现在我们考虑用光滑函数逼近Sobolev 函数, 这里逼近的基本思想就是对函数进行磨光.

引理 10. (局部逼近) 设 \(\Omega_{\varepsilon}=\{x \in \Omega \mid \operatorname{dist}(x, \partial \Omega)>\varepsilon\}\), 设 \(\mathrm{h}\) 函数 \(u \in W_{\mathrm{loc}}^{1, p}(\Omega)\), 则对任意的 \(\varepsilon>0\), 都有 \(J_{\varepsilon} u \in C^{\infty}\left(\Omega_{\varepsilon}\right)\), 并且对任意的开集 \(\Omega^{\prime} \Subset \Omega\), 当 \(\varepsilon \rightarrow 0\) 时, 有:

\[\begin{aligned} & \int_{\Omega^{\prime}}\left|J_{\varepsilon} u(x)-u(x)\right|^{p} \mathrm{~d} \mathrm{x} \rightarrow 0 \\ & \int_{\Omega^{\prime}}\left|D^{\alpha}\left(J_{\varepsilon} u(x)\right)-D^{\alpha} u(x)\right|^{p} \mathrm{dx} \rightarrow 0 \end{aligned} \]

证明:首先做一个说明, 这里的 \(J_{\varepsilon}\) 是我们常见的磨光子. 令 \(\varepsilon<\operatorname{dist}\left(\Omega^{\prime}, \partial \Omega\right)=d>0, x \in \Omega^{\prime}\)

\[\begin{aligned} J_{\varepsilon} u(\boldsymbol{x}) & =\varepsilon^{-n} \int_{\Omega} \rho\left(\frac{\boldsymbol{x}-\boldsymbol{y}}{\varepsilon}\right) u(\boldsymbol{y}) \mathrm{d} \boldsymbol{y} \\ & =\varepsilon^{-n} \int_{|\boldsymbol{x}-\boldsymbol{y}|<\varepsilon} \rho\left(\frac{\boldsymbol{x}-\boldsymbol{y}}{\varepsilon}\right) u(\boldsymbol{y}) \mathrm{d} \boldsymbol{y} \\ & =\int_{|\boldsymbol{z}|<1} \rho(\boldsymbol{z}) u(\boldsymbol{x}-\boldsymbol{\varepsilon} \boldsymbol{z}) \mathrm{d} \boldsymbol{z} \end{aligned} \]
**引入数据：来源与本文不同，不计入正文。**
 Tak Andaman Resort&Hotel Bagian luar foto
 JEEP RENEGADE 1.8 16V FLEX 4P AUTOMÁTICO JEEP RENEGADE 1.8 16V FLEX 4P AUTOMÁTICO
同时注意到: \(u(x)=\int_{|z|<1} \rho(z) u(x) \mathrm{d} z\), 这是因为 \(\int_{|z|<1} \rho(z) \mathrm{d} z=1\), 因此我们就有:

\[J_{\varepsilon} u(x)-u(x)=\int_{|z|<1} \rho(z)(u(x-\varepsilon z)-u(x)) \mathrm{d} z \]

因此我们记有:

\[\left\|J_{\varepsilon} u-u\right\|_{L^{p}\left(\Omega^{\prime}\right)} \leqslant \int_{|z|<1} \rho(z)\|u(x-\varepsilon z)-u(x)\|_{L^{p}\left(\Omega^{\prime}\right)} \mathrm{d} z \]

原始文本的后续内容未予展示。